When you inactivate an SLA, you are prompted with the following message to confirm you want to disable the rule: This action will disable the SLA, which will exclude it from new incidents and terminate active clocks.
Delete an SLA
SolarWinds recommends that you not delete any SLAs. Instead, toggle them on or off.
If you attempt to delete an SLA, SWSD will prompt you with the following:
This action will permanently delete the SLA which will exclude it from all reports and new incidents, and terminate active clocks.
SLA rule fields
Name*
The name field is a label. Create a name that indicates the service level for internal service providers. To help with reporting, ensure the name is unique from other SLA names. You might want to create an SLA for the expectation that tickets are assigned to agents within a specified amount of time. So you could name the SLA to match the target.
Define Target
The target is the metric, action, or activity you are measuring against.

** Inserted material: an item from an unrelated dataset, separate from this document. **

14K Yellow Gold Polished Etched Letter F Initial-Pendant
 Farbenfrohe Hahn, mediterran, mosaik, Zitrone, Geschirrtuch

Define the operation you expect your service agents to perform within an allotted period of time. In the image below the target is Not assigned, and you can set your own expected time, for example, within 30 minutes. In this instance, the breach would occur if the ticket were not assigned within 30 minutes of creation.
The targets include:
- Not assigned
- Not commented
- Not resolved
- No actions taken*
- No state change
* The following criteria is considered an action taken on an incident:
- An update was made to any field on the ticket
- Any task in any state exists on the ticket
- An automation rule ran its actions on the incident
Use Business Hours
In addition to defining a target, you can set the SLA to follow your organization’s business hours, that is, the hours your organization provides support. For example, do you have a set of business hours that are used for the entire organization, or do you have different hours for each site? Are your business hours set to specific hours of the day or do they include the whole day? See Business hours for more information.
Suspend SLA time for all states to which SLA does not apply
You can also elect to suspend the SLA timer during certain states of inactivity. For example, if an incident is in the Awaiting Customer Input state, you may not want that incident to breach the SLA.
See Incident lifecycle from creation to resolution or close for a list of out-of-the-box states. See also Custom states.
Set Timer Indication Threshold
In an SLA, you can configure the Set Timer Indication Threshold settings to warn you before an upcoming breach. The Initial Pre-Breach Indication setting ensures you have sufficient time to address the incident prior to a breach. The Final Pre-Breach Indication setting reflects when the breach will occur (based on the site or account).
The final pre-breach indication cannot use a measure of time larger than the initial pre-breach indication. If that occurs, the data entry field changes to red.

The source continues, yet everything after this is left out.